Tuesday, 9 February 2010

You Can't Eat Prestige

I have made a number of sacrifices in my life for which I take full responsibility. As I sit at my aged desk, chipped coffee mug beside me, I stare out from my porch in the Berkeley Hills and ponder my future.

It has been said that "A" students become professors while "B" students end up working for "C" students. This wisdom was shared by a self-admitted "C" student who occupies an 8,000-sqare-foot house further up Shasta Road from me. His remark rang true: I was that "A" student; I am that professor.

We Berkeley faculty have been asked to take furlough days amounting to pay cuts of four to ten per cent. These furloughs have increased the gap between the annual salaries of senior faculty and those at comparable private institutions like Harvard and Princeton (with whom we vie for professors) from $29,000 to $48,000.

If one is a partner at a Greenwich, Connecticut hedge fund and discovers that another partner has taken home $48,000 more in the previous year, there are probably no hard feelings. Neither knows precisely what he or she has "earned"; it's merely known to be seven or eight figures and $48K is acknowledged as a three-day weekend in Mustique.

But I earned only $142,000 last year and when I bring in my old Volvo for servicing, I must scrutinize the bill. I decided long ago that I could either be a nurturer or an exploiter. I chose the former and have never regretted it. But I do regret a pay cut. In fact, I resent it.

I don't teach at an Ivy League university: I labor in the public sector. I have faithfully offered students (many from low-income families) one or two courses per semester (not counting sabbaticals) for the past 27 years. I am now rewarded with a mandatory furlough. I don't want additional time off. Though I teach Turedsday and Thursday mornings and host an office hour Wednesday afternoon, I nevertheless find time to conduct my research and to write.

I wonder if my fellow cultural anthropologists at Stanford have their wastepaper baskets emptied once every two weeks. Such is the situation here at the University of California. The other Ph.D.s and I are often forced to compress the trash with our feet so that the bin does not overflow.

Yes, I'm fortunate to teach in California in the Bay Area at the state's flagship university. Yes, I appreciate residing in an airy, Japanese-inspired home which boasts rock garden, small ornamental koi pond, and many floral varieties. Indeed, the 335 days of sunshine each year are a balm to my weary soul. But an 8% reduction in pay? When all is said and done, those striking Yale clerical workers put it best those many years ago: "You can't eat prestige."

One tires of hearing how "lucky" one is every time one picks up the newspaper. Barack Obama earns $400,000 per year and has perks too numerous to mention, but I can assure you he doesn't tamp down his watepaper basket every other week. For eight years our president was a blithering idiot and Obama's arrival was heralded as manna from Heaven. "How grateful we are to have a brilliant president," swooned the press. Forgive me for saying so, but I am one of the few people in these United States who's actually as smart as Barack Obama.
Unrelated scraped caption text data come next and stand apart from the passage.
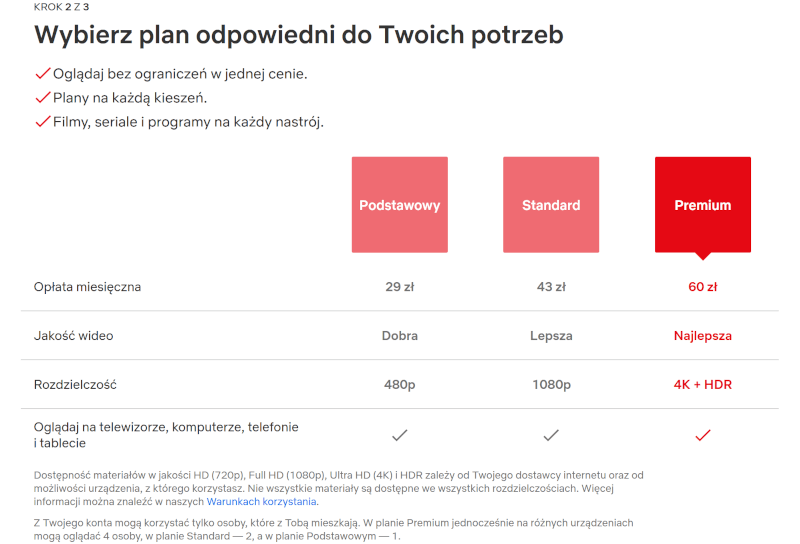 Netflix nowe stawki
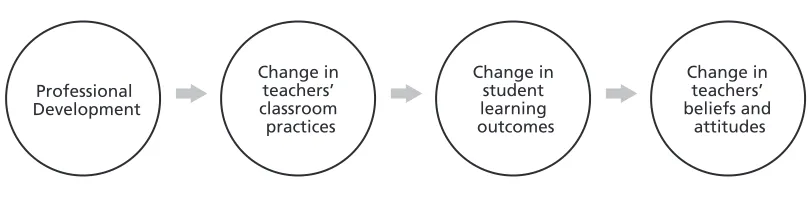 Figure 1. Guskey’s Model of Teacher Change (2002, p. 383)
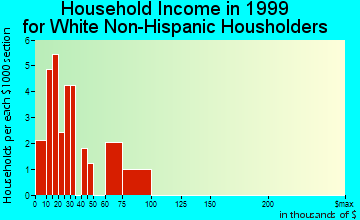 Webb household income for White Non-Hispanic householders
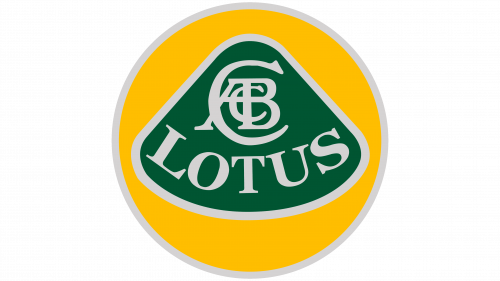 Logo de Lotus 1989-2010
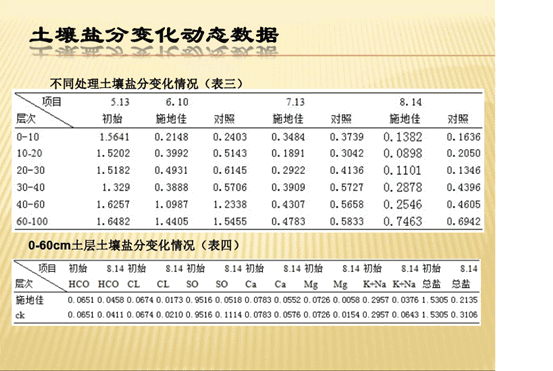 20131218234311393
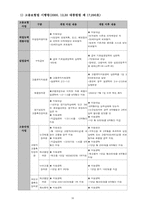 [사회보장] 고용보험법 문제점과 개선방안-17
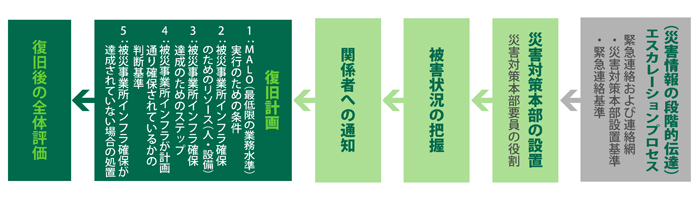 企業の災害復旧ガイド:DRP(災害復旧計画)の具体的手順:災害復旧手順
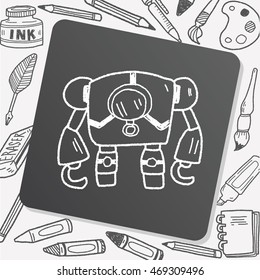 robot doodle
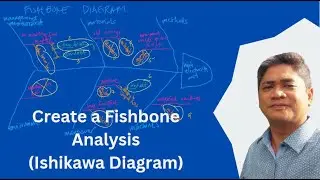 Creating a Fishbone or Ishikawa Diagram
And yet I earn less than half his salary. Where is the nation's gratitude for my presence on campus, for my years of public service?

If I were to defect to Penn or Columbia or even (God help me, Austin), my department would never be able to fill the resultant gap. Not at less than $150K per year and ever-diminishing pension funding (my TIAA-CREF annuity yield is currently down to 3.15%).
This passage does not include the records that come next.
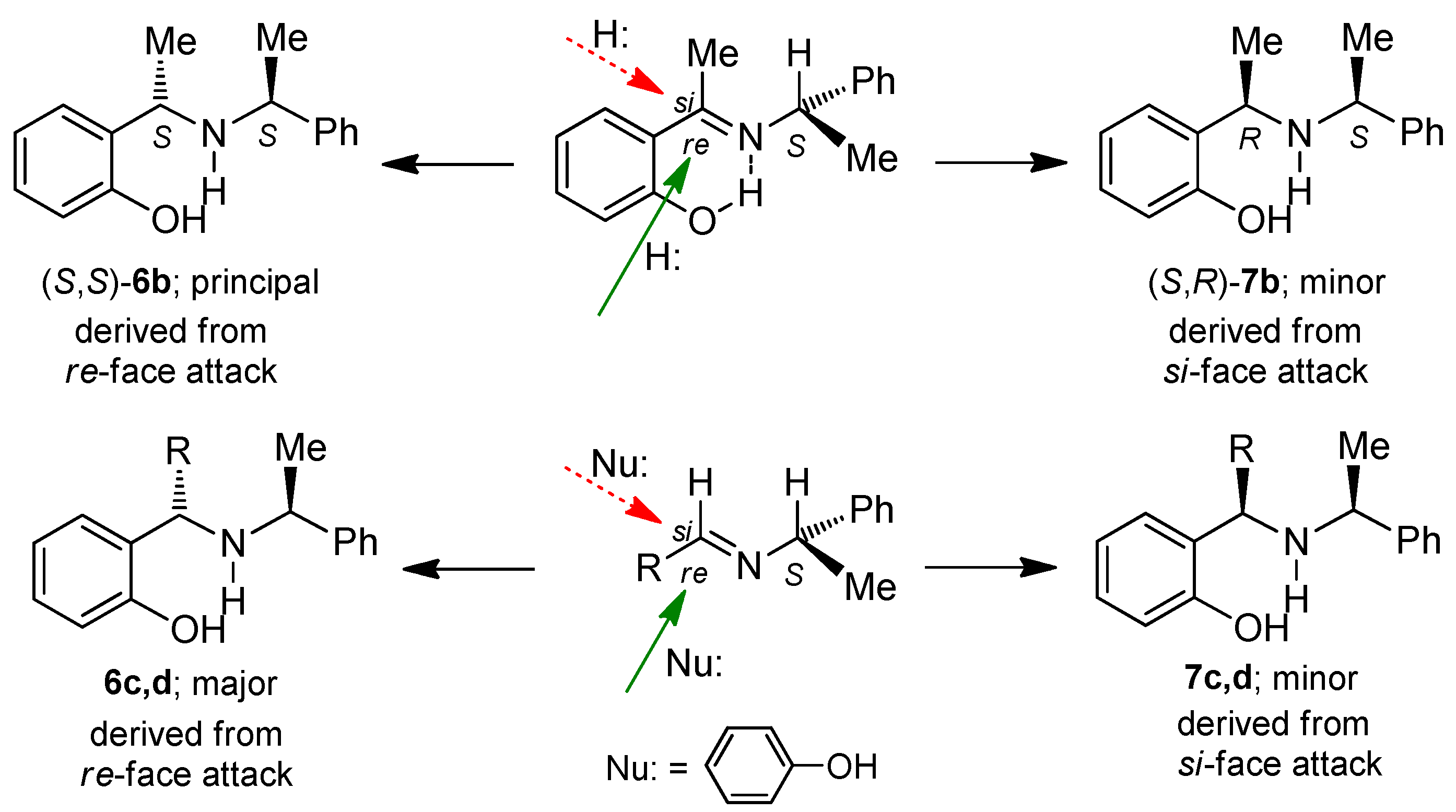 Molecules 20 13794 g002 550
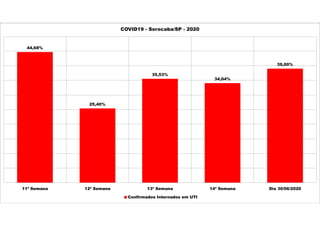 44,68%
25,40%
35,53%
34,04%
39,00%
11ª Semana 12ª Semana 13ª Semana 14ª Semana Dia 30/06/2020
COVID19 - Sorocaba/SP - 2020
Confirmados Internados em UTI
 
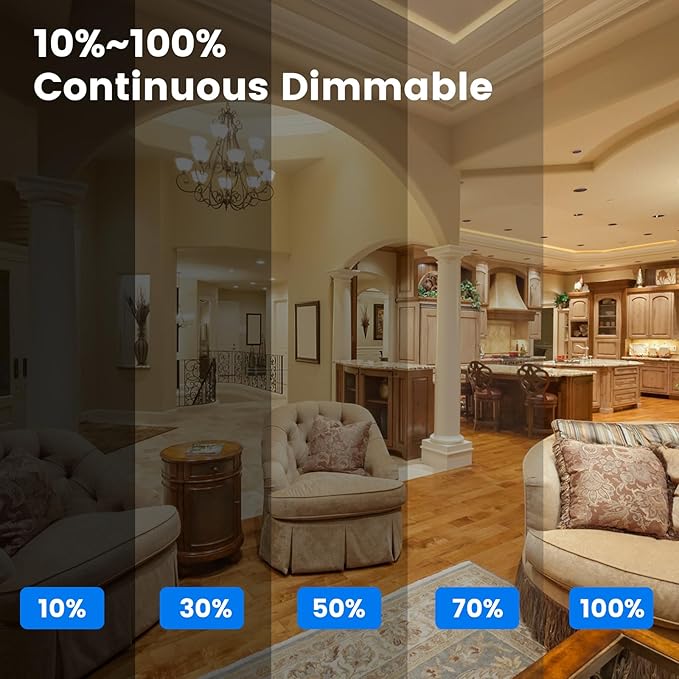 Full-Glass PAR38 LED Flood Light Bulbs Outdoor/Indoor Equivalent 300 Watt - Image 5
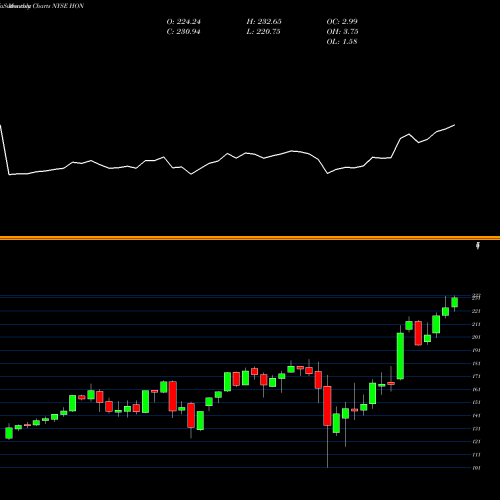 Monthly charts share HON Honeywell International Inc. NYSE Stock exchange 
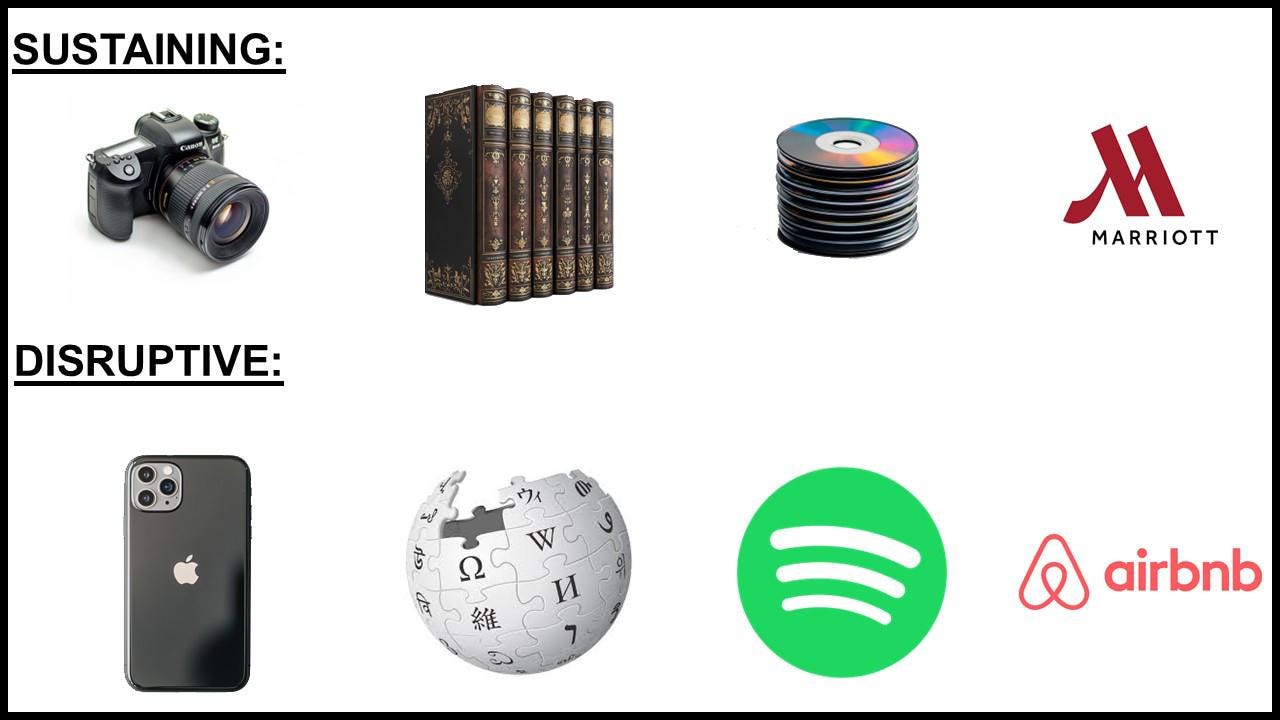 A group of books and a cd

AI-generated content may be incorrect.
Anthropology is a little-understood field (often confused with archeology by the unlettered). Allow me to clarify my achievements. I graduated summa cum laude (this means with highest honors) from Haverford College (an elite school on the outskirts of Philadelphia). I then did graduate work at Cambridge (the one in England) and my thesis was published by Oxford University Press (again, in England). Do you still believe I am worth less than 1/87th the average salary of an adequate major league relief pitcher?
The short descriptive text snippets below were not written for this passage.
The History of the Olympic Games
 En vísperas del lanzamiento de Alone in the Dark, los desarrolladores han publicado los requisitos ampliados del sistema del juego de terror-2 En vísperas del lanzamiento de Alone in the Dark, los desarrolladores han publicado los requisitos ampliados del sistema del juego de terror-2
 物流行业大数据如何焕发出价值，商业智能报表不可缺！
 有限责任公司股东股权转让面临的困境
Unfortunately, I'm a sentimentalist and know that I'm not going to find a koi pond in Princeton. Maybe on the Seward Johnson estate, but even there it would freeze over four months per year. I love the bougainvillea that tumbles down my hillside, being greeted personally by Alice at Chez Panisse, my wild rose bushes, my bonsai, teak outbuildings, and, yes, I love (a few of) my (graduate-level) students. Perhaps, I'd best just wrap my kimono tighter, grit my teeth, and stay.